En 10 ans les sociaux démocrates sont revenus au gouvernement dans plusieurs pays d’Europe occidentale, dans les pays nordiques, au Portugal, et depuis peu, ils s’apprêtent à gouverner l’Allemagne, où pourtant aux élections législatives de septembre ils n’ont obtenu que 26 % des voix, 12 millions sur 61 millions d’électeurs inscrits et 47 millions de votants. En Italie, leurs homologues du parti démocrate, pourtant démonétisé en tant que tel, viennent d’emporter aux municipales les villes de Rome, Milan, Turin, Bologne et Naples.

Partout ce sont des coalitions hétéroclites écolos, socialistes et marxistes purs et durs qui permettent à une social-démocratie pourtant en déconfiture de l’emporter. Au camp adverse en revanche on s’emploie à interdire toute forme de rapprochement, toujours supposé « nauséabond », « politiquement incorrect », etc.
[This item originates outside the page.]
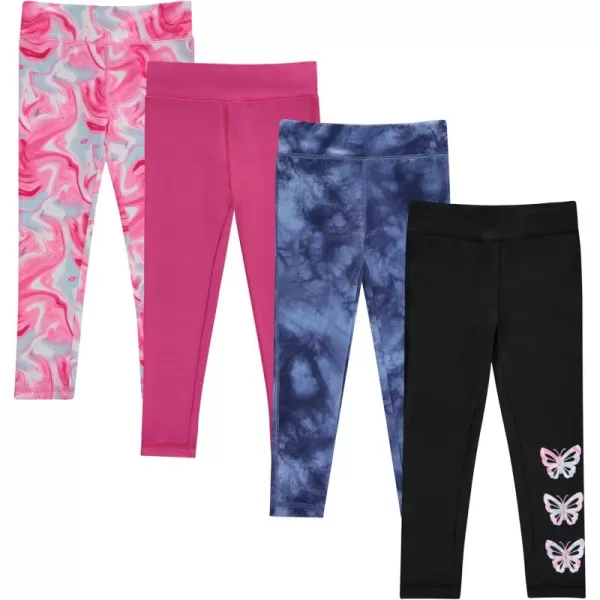 BTween Girls’ 4 pack Leggings Set, Exercise, Sports Tights with Wide Waistband for Girls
Dans le gouvernement de Pedro Sanchez le parti communiste occupe ainsi la vice présidence en la personne, depuis le départ d’Iglesias, de Yolanda Diaz, comme le PCF est représentés, aux côtés d’Anne Hidalgo à la mairie de Paris par Ian Brossat, sans que personne ne vienne rappeler les crimes du stalinisme.

Pedro Sanchez, allié des communistes en Espagne n’est plus un cas isolé en Europe

Pour toutes ces raisons nous devons nous montrer vigilants vis-à-vis des manœuvres des partis de gauche, même quand les sondages nous les montrent coupés de l’opinion populaire.

Tant que les mécanismes de l’exclusion politique dureront la social-démocratie reviendra au pouvoir, même minoritaire. Elle restera paradoxalement d’autant plus dangereuse, qu’affaiblie elle a besoin de s’allier aux forces de destruction, de commettre l’irréparable sur le terrain culturel et de gaspiller plus encore les ressources du pays.